Os “melhores anos de nossas vidas”, a que Fernanda se refere citando Brecht, são exatamente seus anos tão criativos, expostos ao desinteresse ou à ignorância repressora do Estado. Os anos em que aprendemos a admirá-la e segui-la, não apenas como a grande estrela que ela sempre foi, desde o iniciozinho de sua carreira ao microfone da Rádio MEC, mas também como uma estrela-guia de nossos passos em relação ao futuro do Brasil.
Fernanda Montenegro não é apenas a excepcional atriz de rádio, teatro, cinema e televisão, hoje reconhecida em todo o mundo. Ela é também um exemplo superior de intelectual brasileira, pensando sobre o que nós somos. Tudo o que ela faz ou diz, provavelmente tudo o que ela pensa, está sempre dedicado a reconhecer de onde viemos como nação e para onde devemos ir. Mas não como uma opção aleatória, uma alternativa sem discussão, a gosto do freguês. Ao contrário, como nossos grandes pensadores do século XX, os inventores do Brasil moderno, Fernanda quer descobrir o que somos e o que poderíamos ser, para poder nos reinventar.
Não foi por acaso que ela passou por movimentos culturais decisivos, desde o começo de sua carreira profissional. Como o Teatro Brasileiro de Comédia, a dramaturgia criada pela televisão que então engatinhava e o próprio Cinema Novo. Em cada um desses momentos de nossa história cultural, e em outros que se seguiram a esses, ela esteve sempre presente, colaborando com sua luz a serviço do que estava acontecendo e por acontecer. Não somente a luz imóvel dos refletores que a põem em destaque no palco; mas sobretudo a luz inquieta e explosiva de uma estrela no céu, em permanente estado de risco.
Não me lembro se, na época, cheguei a falar sobre isso com Fernanda, mas sempre fui contra sua migração para a burocracia da gestão cultural do Estado. Durante o governo de José Sarney, o primeiro presidente civil depois da ditadura iniciada em 1964, ela foi convidada a assumir o recém-criado Ministério da Cultura, o MinC, que não existe mais. Uma enorme onda de apoio cobriu seu nome, com incentivos que vinham dos políticos, como vinham também e principalmente da própria comunidade de artistas e produtores de cultura. Contra o desejo da imensa maioria, torci para que ela não aceitasse sua indicação. Como Glauber Rocha, Ferreira Gullar, Gilberto Gil e outros artistas tão importantes e competentes quanto esses, na época e depois da época, na minha opinião ela tinha que ficar sempre do lado de cá, sem compromissos que a domassem e impedissem sua manifestação iluminada. Nós precisávamos mais de seu talento, inteligência, independência e liberdade do que de sua gestão cultural.

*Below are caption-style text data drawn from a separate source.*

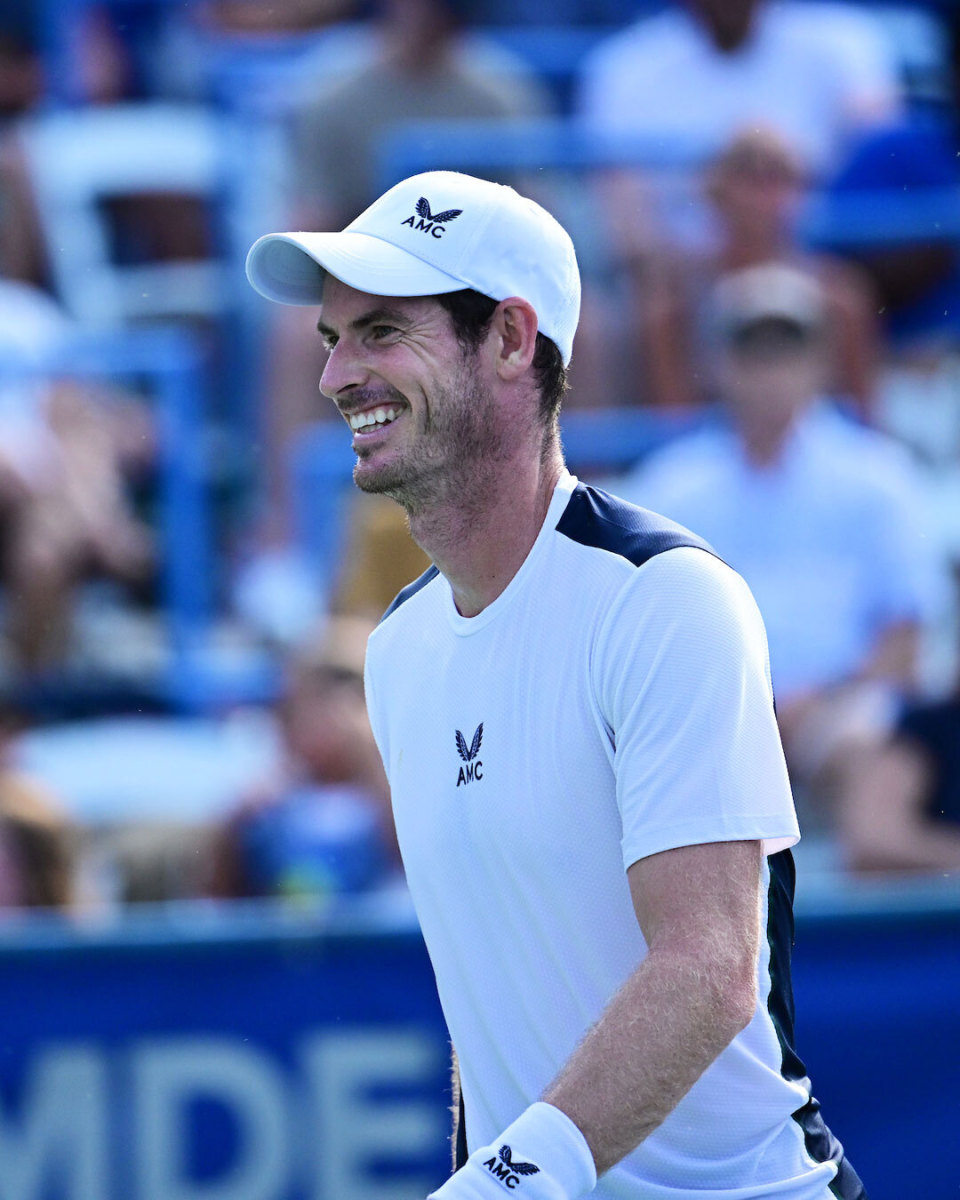 开云体育APP下载-美网险胜法网，穆雷关键制胜  第2张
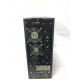 UPS (Online) Aros Sentinel XR-4000 4Kv, 230V, 4U, Rack/Tower USED (without battery)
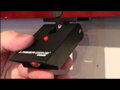 Winmau Laser Oche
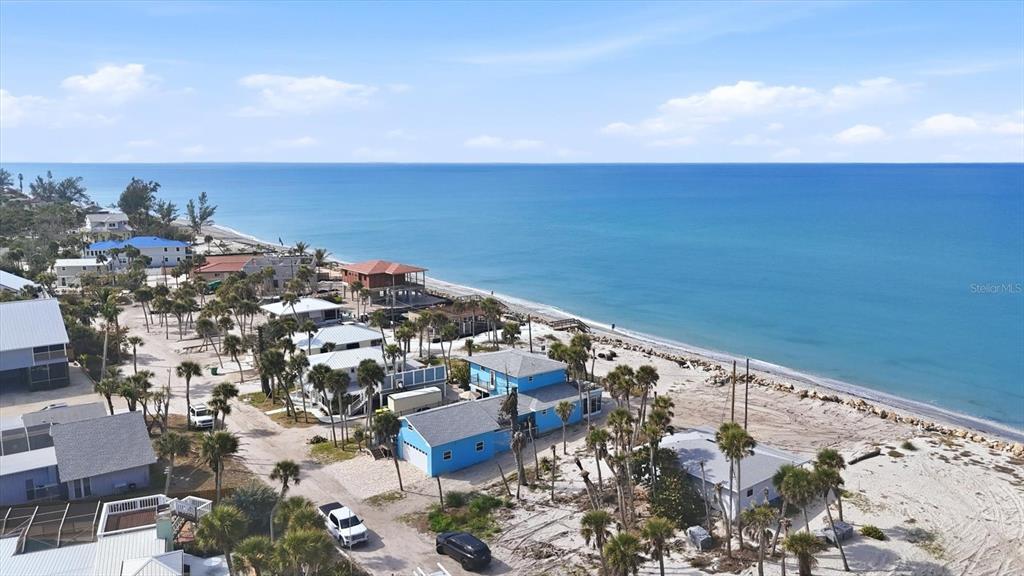 4074 North Beach Road Englewood, FL 34223 - Photo 5 of 71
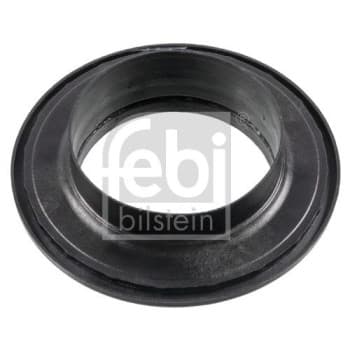Cojinete de rodillos, cojinete del puntal del amortiguador 181926 FEBI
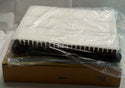 P505983 Donaldson Air Filter Panel to Suit Toyota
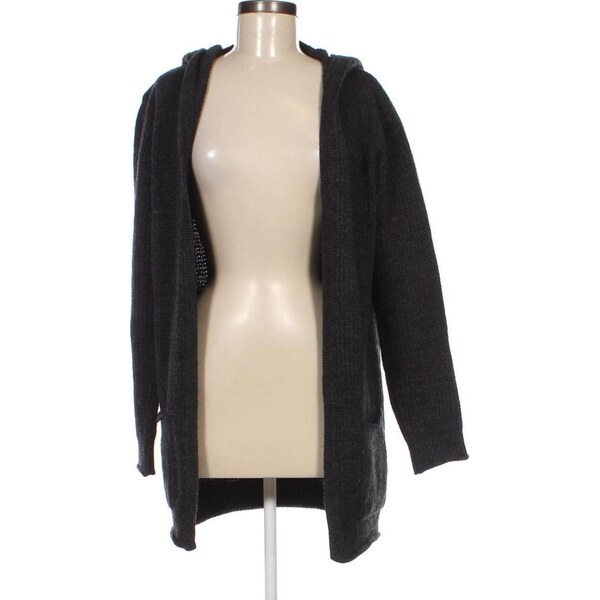 Dámsky kardigán WE 60365015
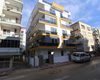 Ready to Move 2-bedroom Property for Sale in Antalya Muratpasa 1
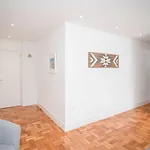 Apartman Liiiving In - Sunny Santa Catarina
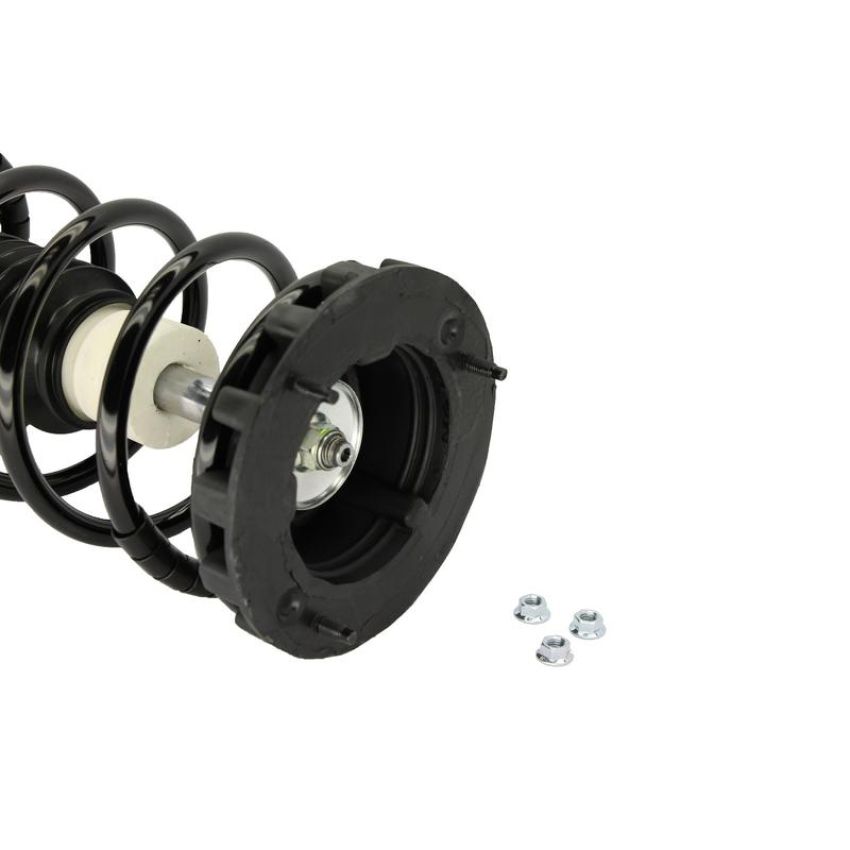 KYB SHOCKS SR4034 3 Nuts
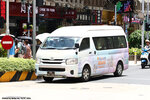 mx9122_10072026_ns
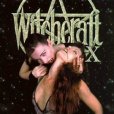 Witchcraft X: Mistress of the Craft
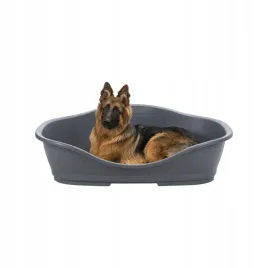 legowisko-dla-psa-eco-plastikowe-antyposlizgowe-trixie-sleeper-5-96x66cm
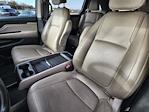 2018 Honda Odyssey FWD Minivan for sale #10BN0103 - photo 19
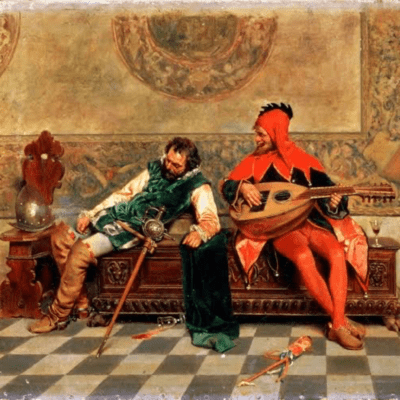 Waiting for myelf (feat. RSK) Front Cover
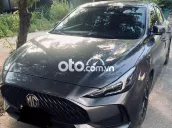 Ra đi em MG5 Luxury giá mềm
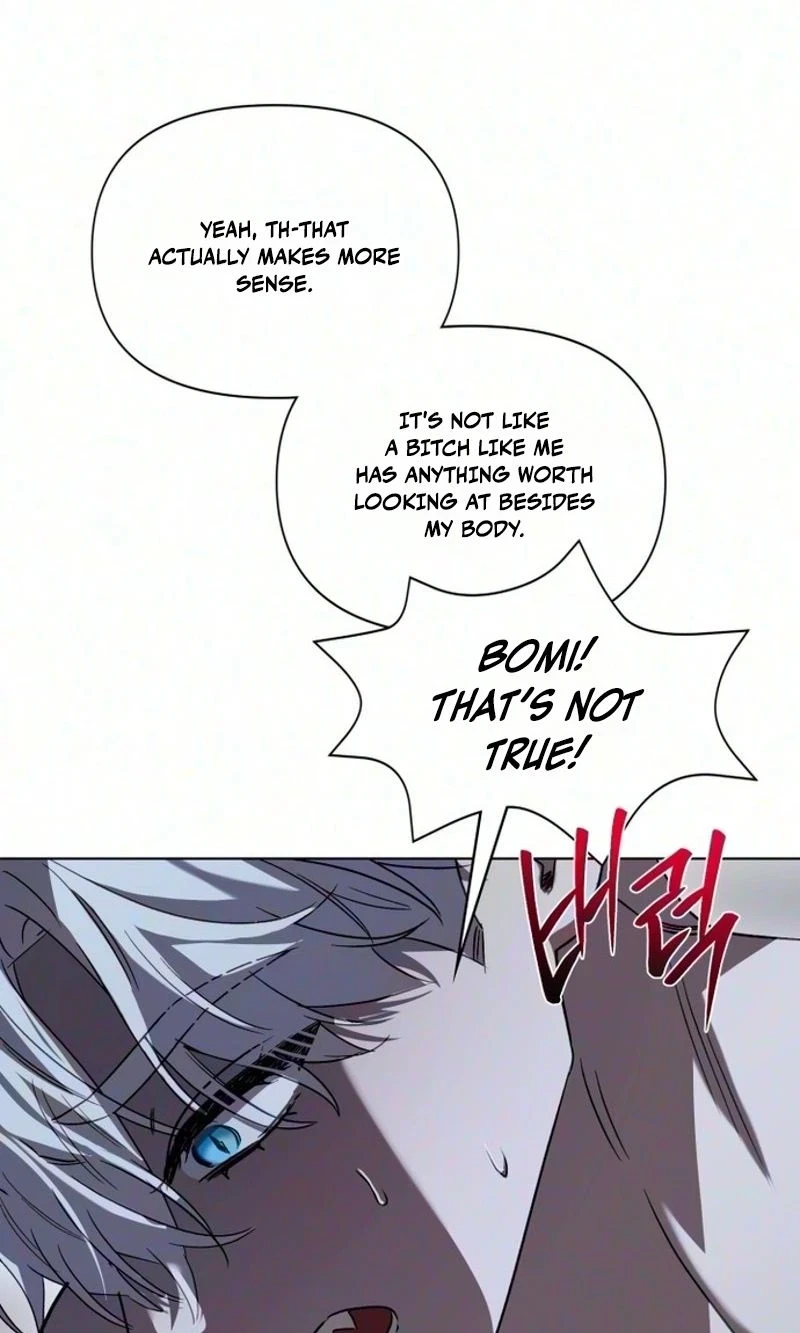 Chapter 23, page 89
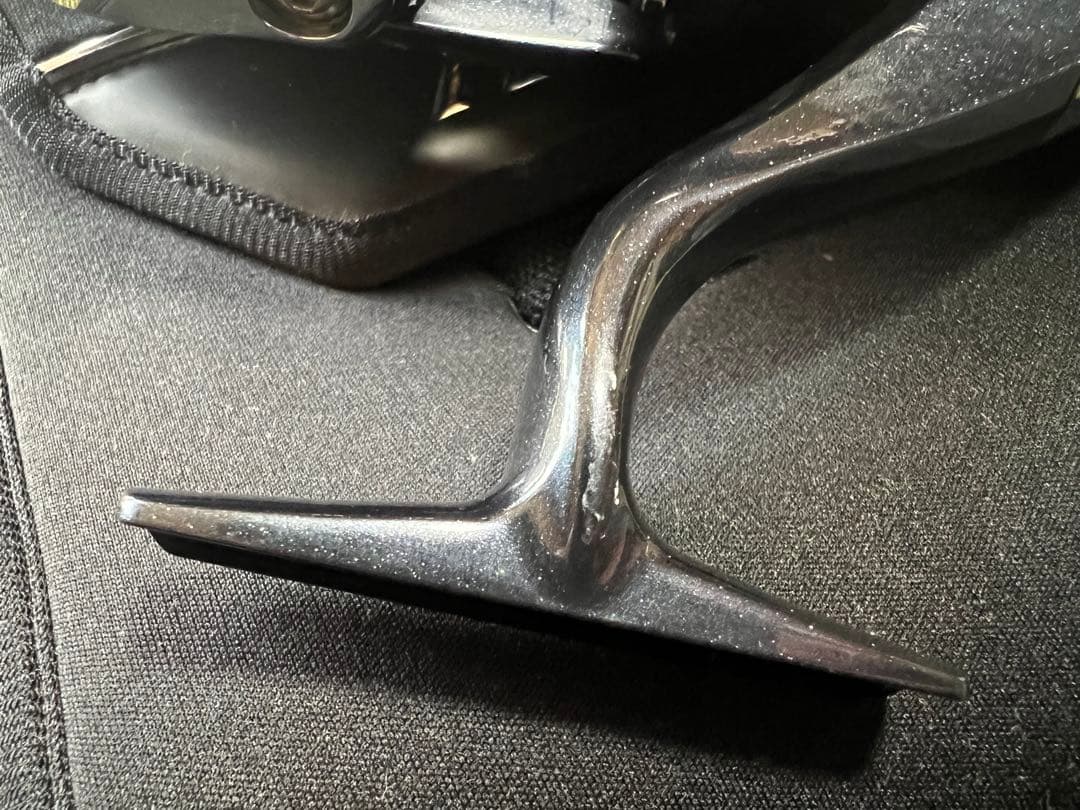 20ソルティガ　20000H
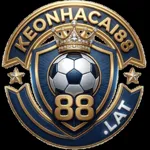 tylekeonhacaiyachts's avatar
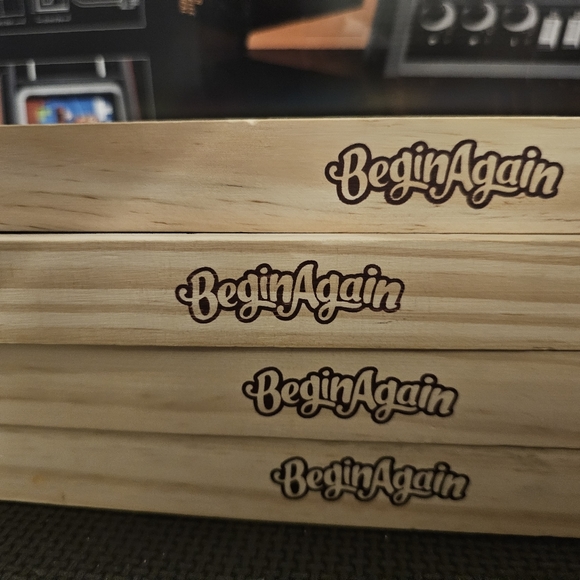 Begin Again childrens puzzles - Picture 3 of 6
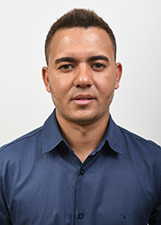 Foto de ELISMAR ALVES DA COSTA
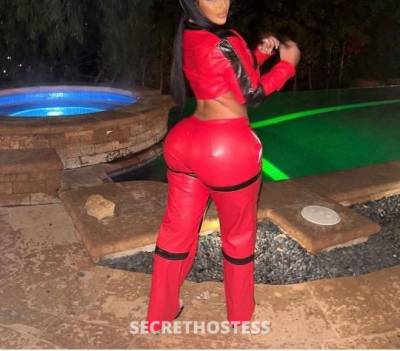28 year old Escort in Charlotte NC 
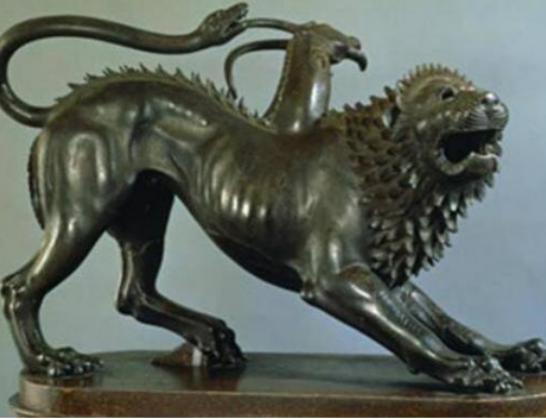 ��ϣ�Dʮ����Ԓ���£�����֮�蔵����ڿ����������O��֮�����l��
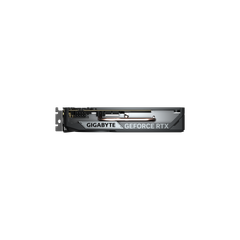 VGA GIGABYTE GeForce RTX™ 5050 WINDFORCE OC 8G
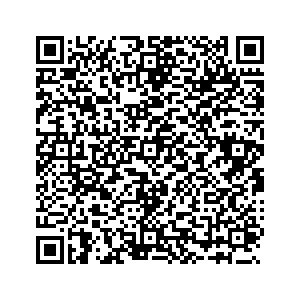 Visit Petition Referrals which connect petitioners or contractors to various petition collecting companies or projects in the city of Elwood in the state of Indiana at https://www.google.com/maps/dir//40.2783886,-85.8676659/@40.2783886,-85.8676659,17?ucbcb=1&entry=ttu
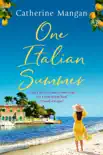 One Italian Summer synopsis, comments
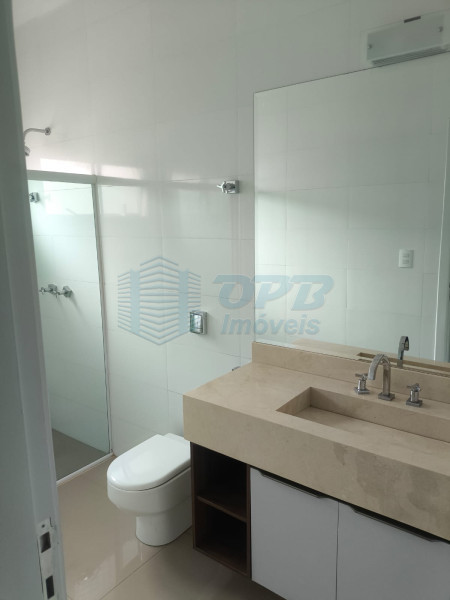 OPB Imóveis | Imobiliária em Ribeirão Preto | SP - Sobrado - Guapore - Ribeirão Preto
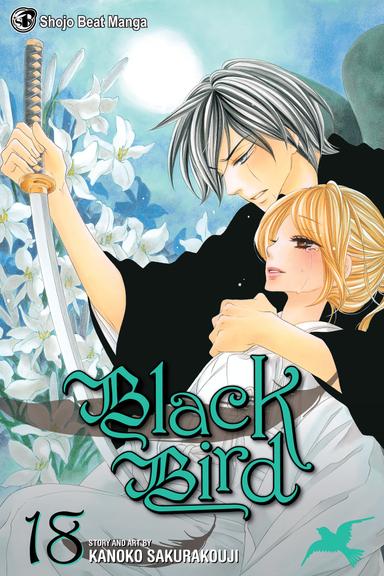 Vol. 18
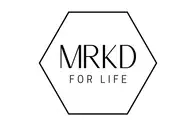MRKD for Life Promo Code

E aí está Fernanda Montenegro, a nos reiterar sua pregação de qualidade na criação artística, de democracia e justiça, de liberdade e igualdade sem prejuízo dos outros. E, em torno desses valores, ela busca construir o que esperamos de nossa produção cultural, sem a qual país algum do mundo será respeitado e sobreviverá como nação. Porque, mesmo que ignorada ou combatida pelos dirigentes do país, é a cultura que alimenta e produz a alma de uma nação. Ela só existe na medida em que puder refletir o que é seu povo, enquanto inventor de ideias e de comportamentos. Fernanda é uma de nossas heroínas nesse processo mal compreendido, tão longo e difícil. Mas alcançável.